_Brief_: Here the job is to retype the data word for word while leaving the pictures aside.

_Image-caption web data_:
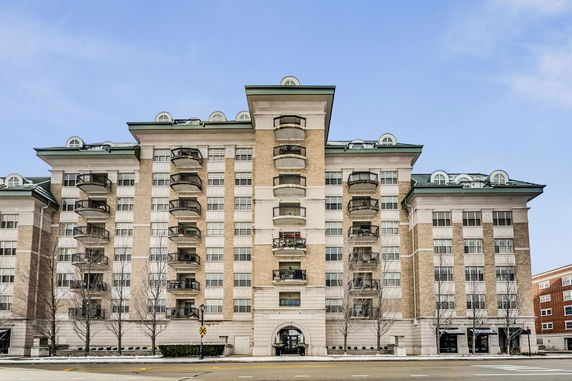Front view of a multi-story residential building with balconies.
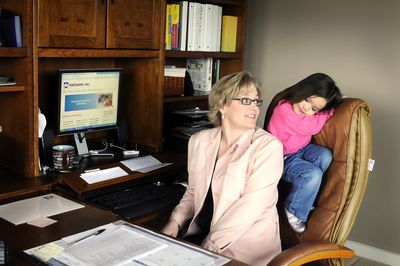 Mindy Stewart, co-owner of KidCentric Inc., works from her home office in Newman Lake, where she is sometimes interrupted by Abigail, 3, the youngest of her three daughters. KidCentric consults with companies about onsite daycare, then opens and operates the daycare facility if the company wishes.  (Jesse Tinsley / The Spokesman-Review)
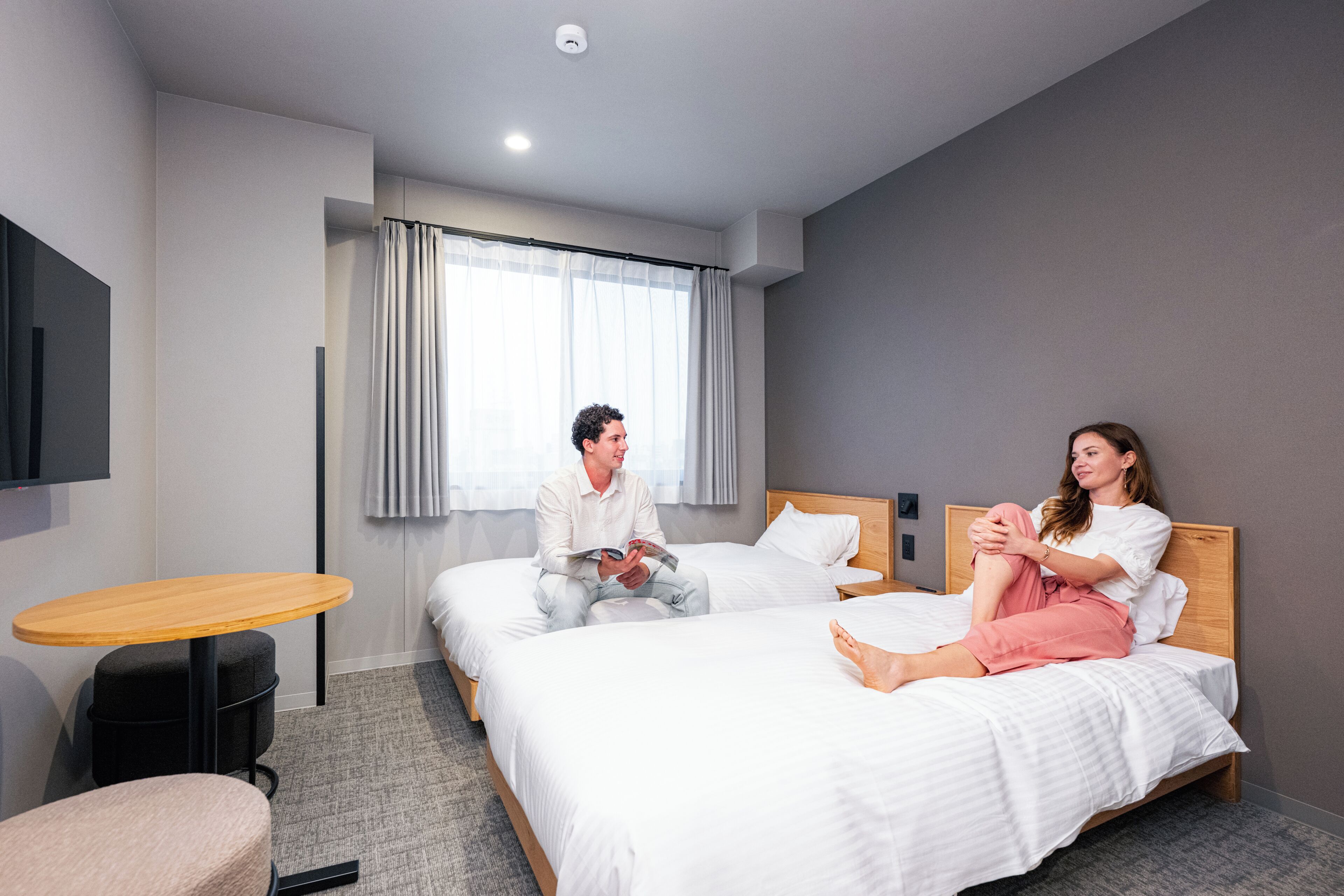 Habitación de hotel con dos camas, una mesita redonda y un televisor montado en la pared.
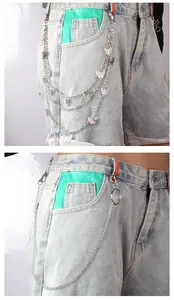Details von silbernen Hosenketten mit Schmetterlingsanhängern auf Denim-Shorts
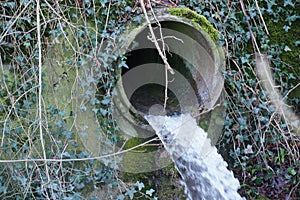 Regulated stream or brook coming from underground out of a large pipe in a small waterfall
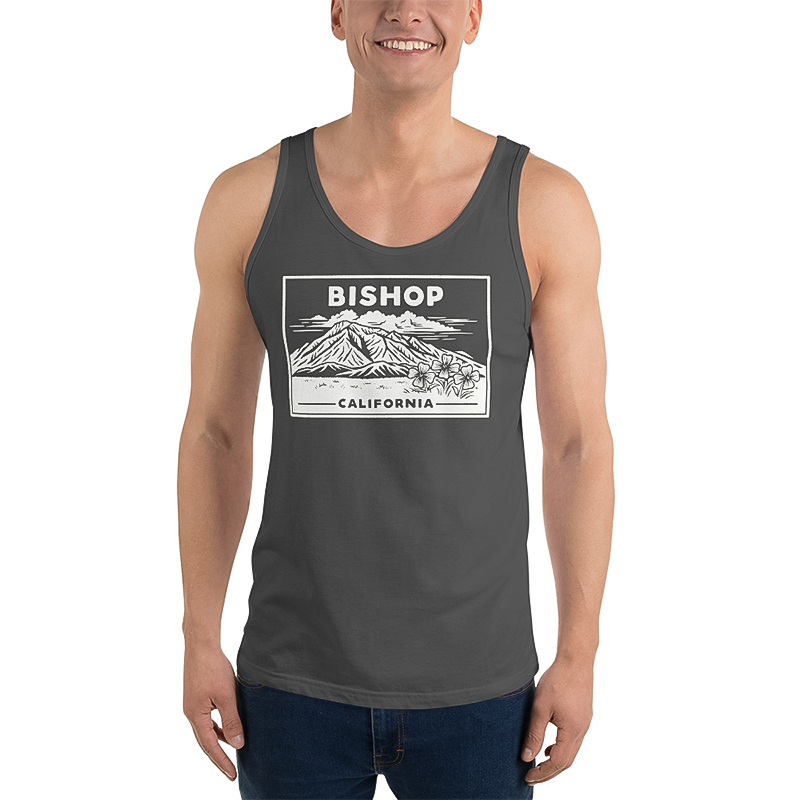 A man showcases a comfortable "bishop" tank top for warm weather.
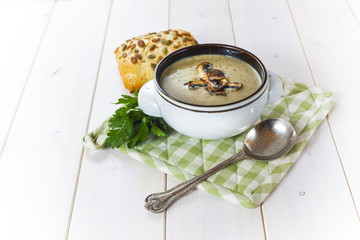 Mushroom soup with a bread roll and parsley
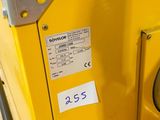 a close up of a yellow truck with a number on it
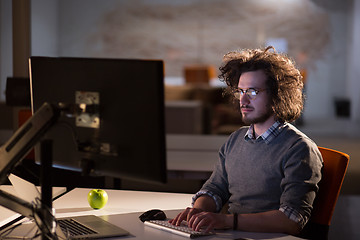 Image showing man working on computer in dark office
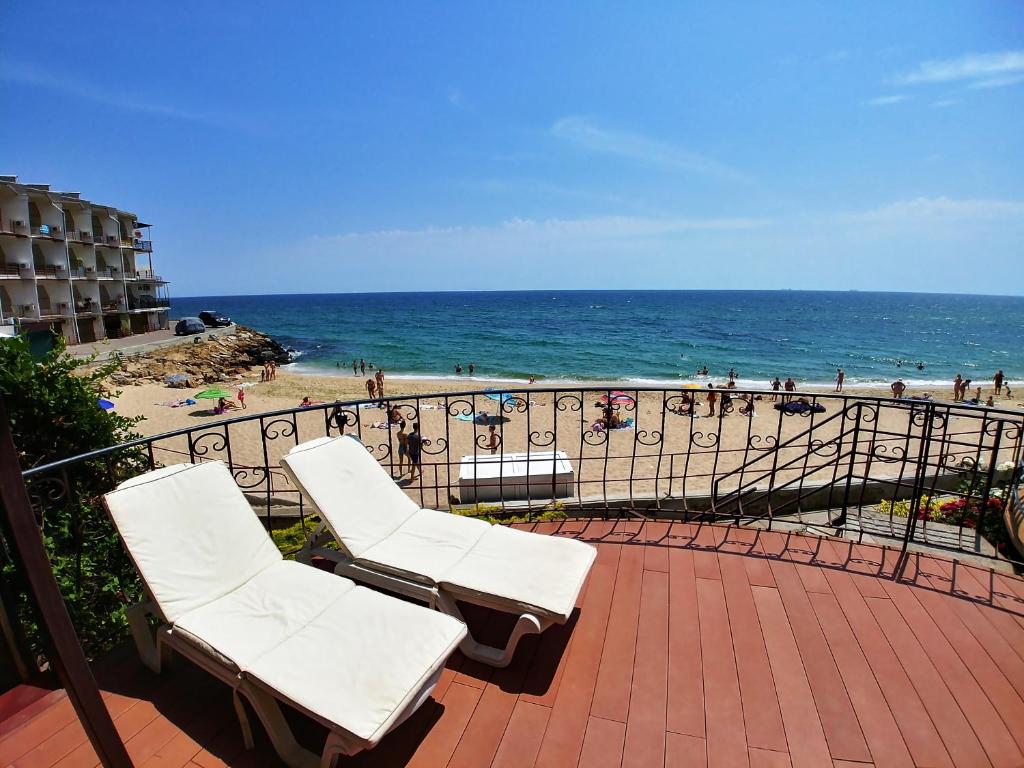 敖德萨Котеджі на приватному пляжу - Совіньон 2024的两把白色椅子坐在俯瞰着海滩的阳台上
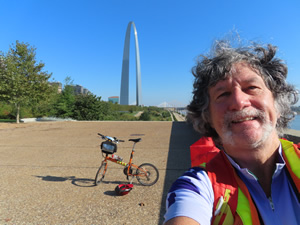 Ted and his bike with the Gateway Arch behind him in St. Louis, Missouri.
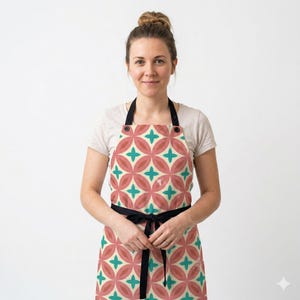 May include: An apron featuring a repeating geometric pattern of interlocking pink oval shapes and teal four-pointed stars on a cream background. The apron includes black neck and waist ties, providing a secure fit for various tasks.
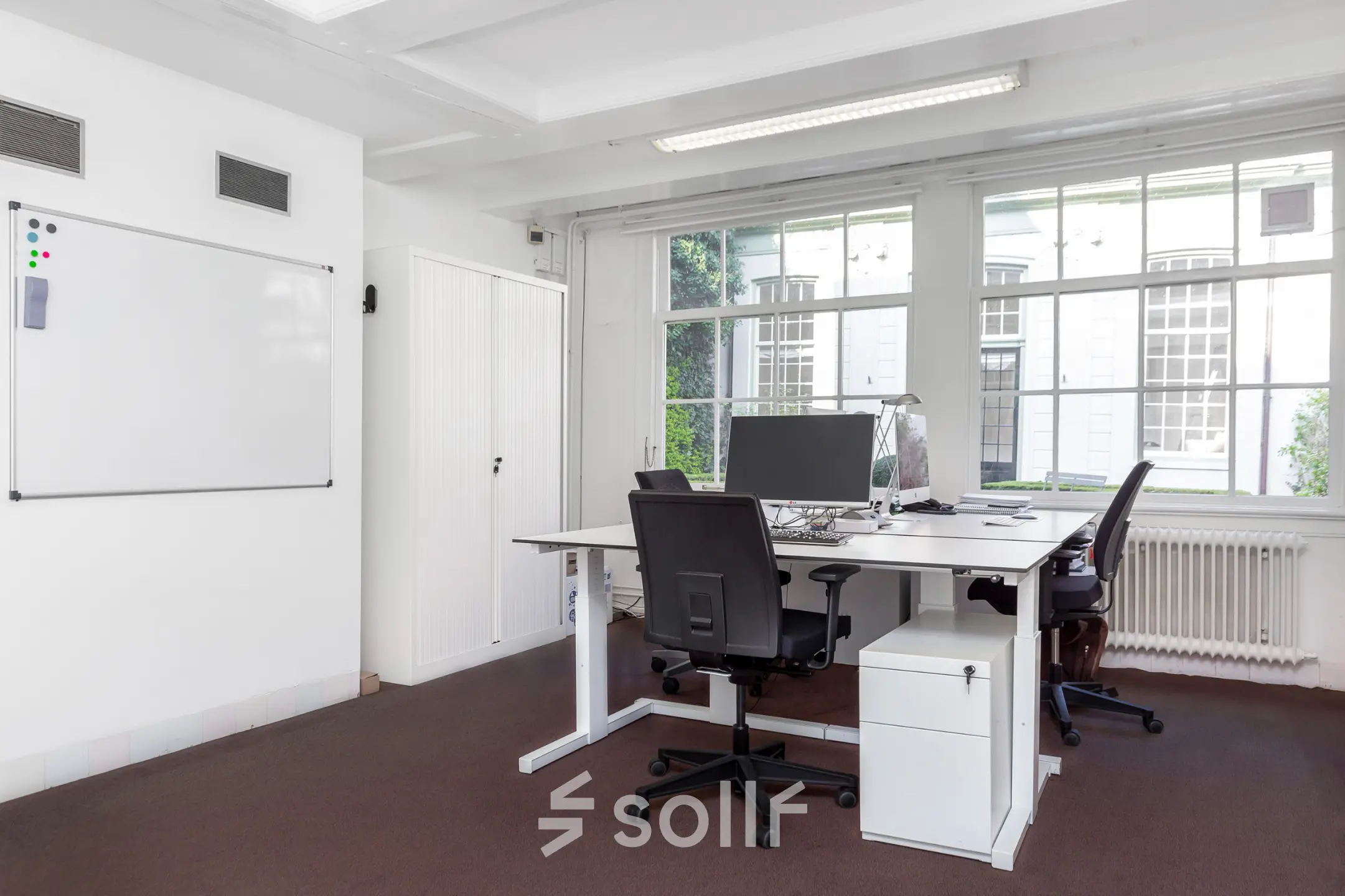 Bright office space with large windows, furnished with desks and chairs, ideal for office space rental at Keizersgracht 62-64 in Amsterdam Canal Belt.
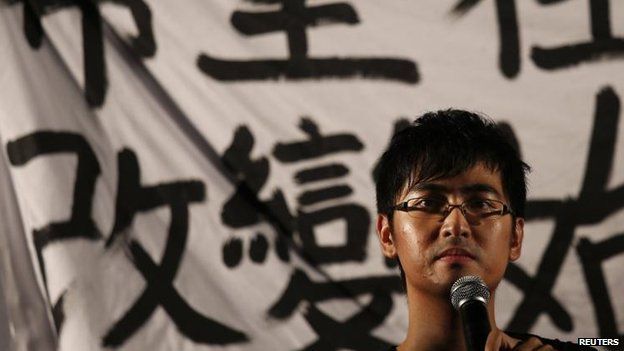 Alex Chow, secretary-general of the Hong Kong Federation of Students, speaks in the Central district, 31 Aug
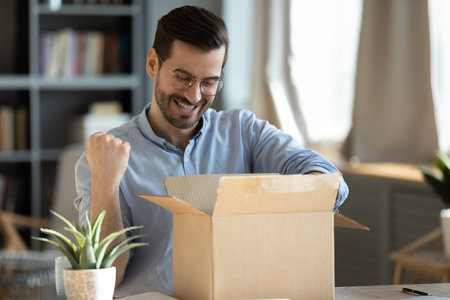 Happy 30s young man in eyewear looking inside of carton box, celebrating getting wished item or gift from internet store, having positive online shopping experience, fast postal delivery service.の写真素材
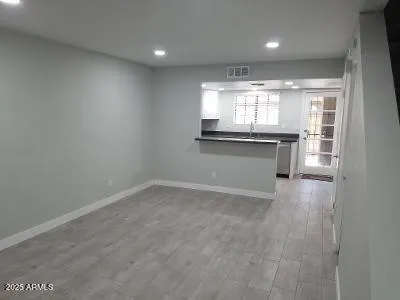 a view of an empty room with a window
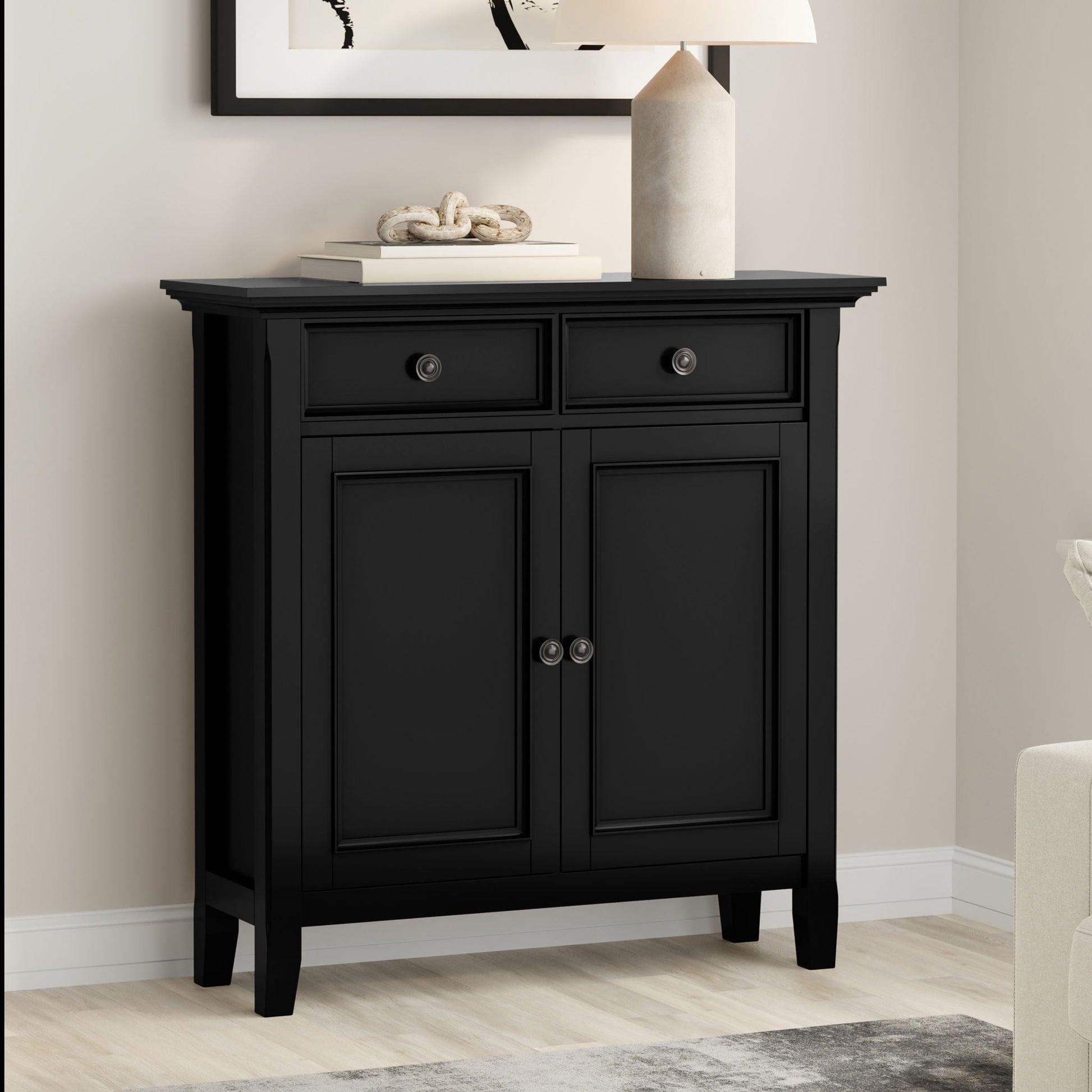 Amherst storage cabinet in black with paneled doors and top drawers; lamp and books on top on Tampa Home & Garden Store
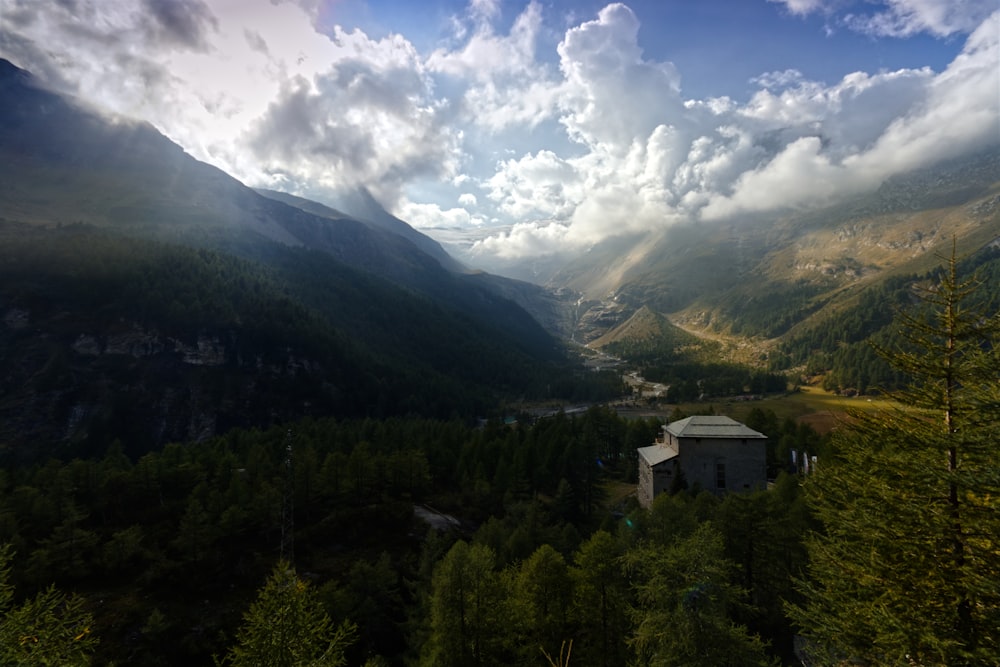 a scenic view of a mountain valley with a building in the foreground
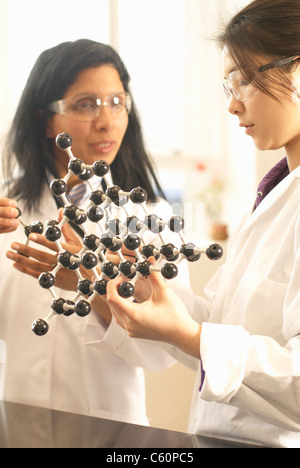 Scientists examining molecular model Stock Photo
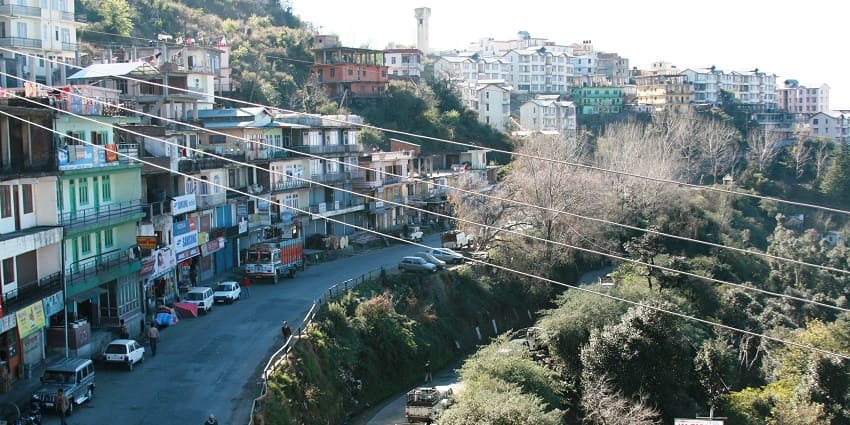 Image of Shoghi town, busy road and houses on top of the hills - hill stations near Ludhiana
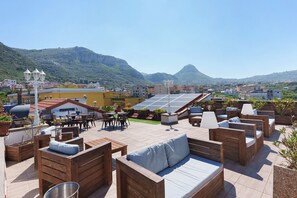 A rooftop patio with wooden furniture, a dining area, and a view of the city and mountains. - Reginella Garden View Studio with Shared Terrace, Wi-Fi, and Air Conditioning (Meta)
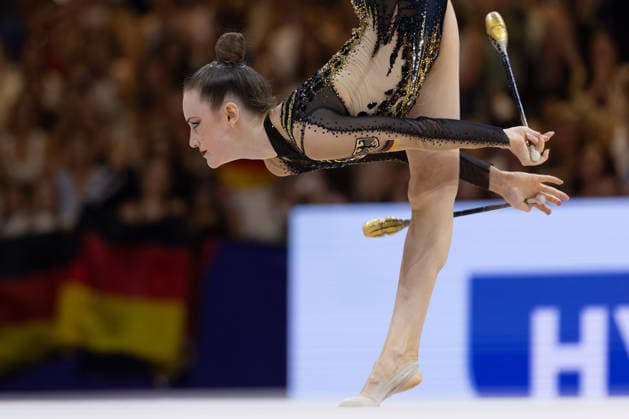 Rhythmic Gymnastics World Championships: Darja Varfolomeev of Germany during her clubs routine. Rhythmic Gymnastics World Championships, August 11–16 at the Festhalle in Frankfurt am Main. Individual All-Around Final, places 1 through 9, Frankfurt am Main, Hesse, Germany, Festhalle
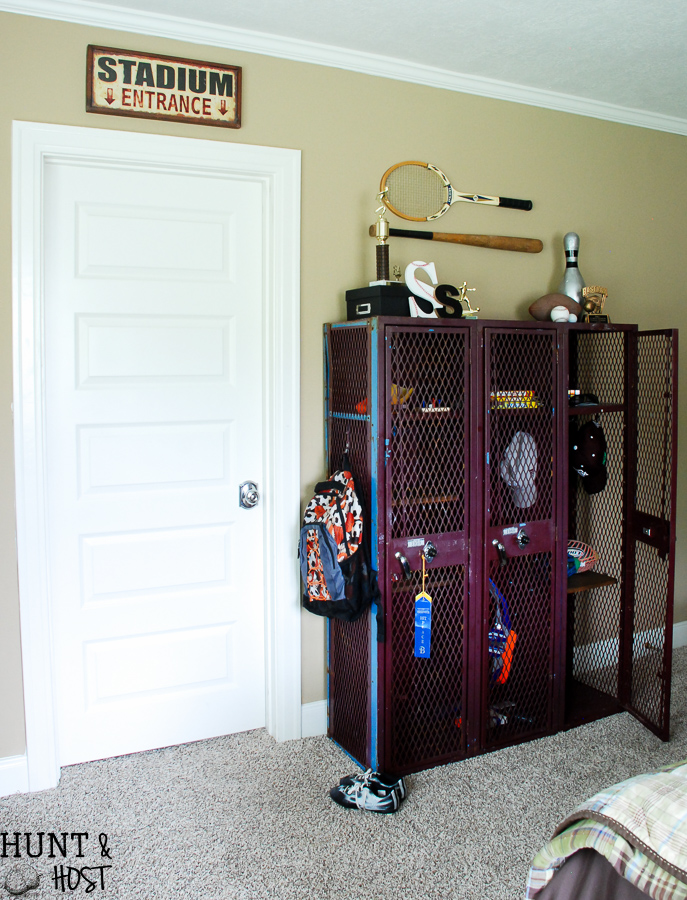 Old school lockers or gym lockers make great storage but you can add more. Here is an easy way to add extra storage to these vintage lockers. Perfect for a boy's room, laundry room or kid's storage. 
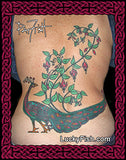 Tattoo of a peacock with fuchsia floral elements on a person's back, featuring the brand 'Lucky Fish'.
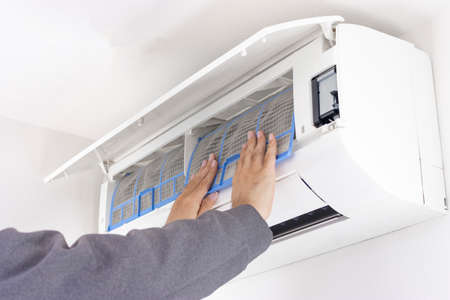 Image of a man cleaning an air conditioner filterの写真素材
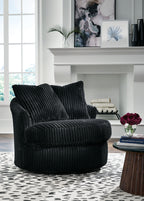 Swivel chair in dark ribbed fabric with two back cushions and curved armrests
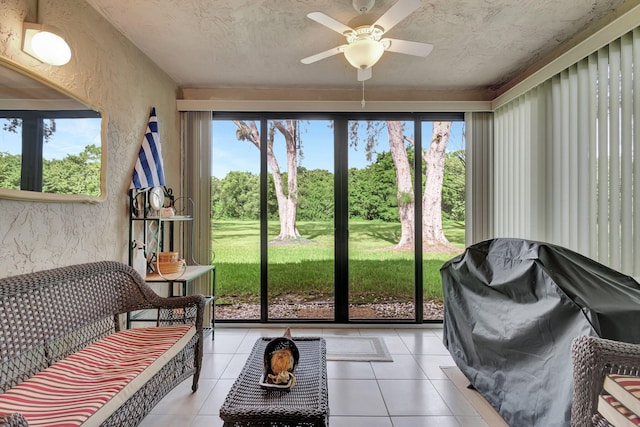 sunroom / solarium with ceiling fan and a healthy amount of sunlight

_Finished exercise_:
Front view of a multi-story residential building with balconies.
 Mindy Stewart, co-owner of KidCentric Inc., works from her home office in Newman Lake, where she is sometimes interrupted by Abigail, 3, the youngest of her three daughters. KidCentric consults with companies about onsite daycare, then opens and operates the daycare facility if the company wishes.  (Jesse Tinsley / The Spokesman-Review)
 Habitación de hotel con dos camas, una mesita redonda y un televisor montado en la pared.
Details von silbernen Hosenketten mit Schmetterlingsanhängern auf Denim-Shorts
 Regulated stream or brook coming from underground out of a large pipe in a small waterfall
 A man showcases a comfortable "bishop" tank top for warm weather.
 Mushroom soup with a bread roll and parsley
 a close up of a yellow truck with a number on it
 Image showing man working on computer in dark office
 敖德萨Котеджі на приватному пляжу - Совіньон 2024的两把白色椅子坐在俯瞰着海滩的阳台上
 Ted and his bike with the Gateway Arch behind him in St. Louis, Missouri.
 May include: An apron featuring a repeating geometric pattern of interlocking pink oval shapes and teal four-pointed stars on a cream background. The apron includes black neck and waist ties, providing a secure fit for various tasks.
 Bright office space with large windows, furnished with desks and chairs, ideal for office space rental at Keizersgracht 62-64 in Amsterdam Canal Belt.
 Alex Chow, secretary-general of the Hong Kong Federation of Students, speaks in the Central district, 31 Aug
 Happy 30s young man in eyewear looking inside of carton box, celebrating getting wished item or gift from internet store, having positive online shopping experience, fast postal delivery service.の写真素材
 a view of an empty room with a window
 Amherst storage cabinet in black with paneled doors and top drawers; lamp and books on top on Tampa Home & Garden Store
 a scenic view of a mountain valley with a building in the foreground
 Scientists examining molecular model Stock Photo
 Image of Shoghi town, busy road and houses on top of the hills - hill stations near Ludhiana
 A rooftop patio with wooden furniture, a dining area, and a view of the city and mountains. - Reginella Garden View Studio with Shared Terrace, Wi-Fi, and Air Conditioning (Meta)
 Rhythmic Gymnastics World Championships: Darja Varfolomeev of Germany during her clubs routine. Rhythmic Gymnastics World Championships, August 11–16 at the Festhalle in Frankfurt am Main. Individual All-Around Final, places 1 through 9, Frankfurt am Main, Hesse, Germany, Festhalle
 Old school lockers or gym lockers make great storage but you can add more. Here is an easy way to add extra storage to these vintage lockers. Perfect for a boy's room, laundry room or kid's storage. 
 Tattoo of a peacock with fuchsia floral elements on a person's back, featuring the brand 'Lucky Fish'.
 Image of a man cleaning an air conditioner filterの写真素材
 Swivel chair in dark ribbed fabric with two back cushions and curved armrests
 sunroom / solarium with ceiling fan and a healthy amount of sunlight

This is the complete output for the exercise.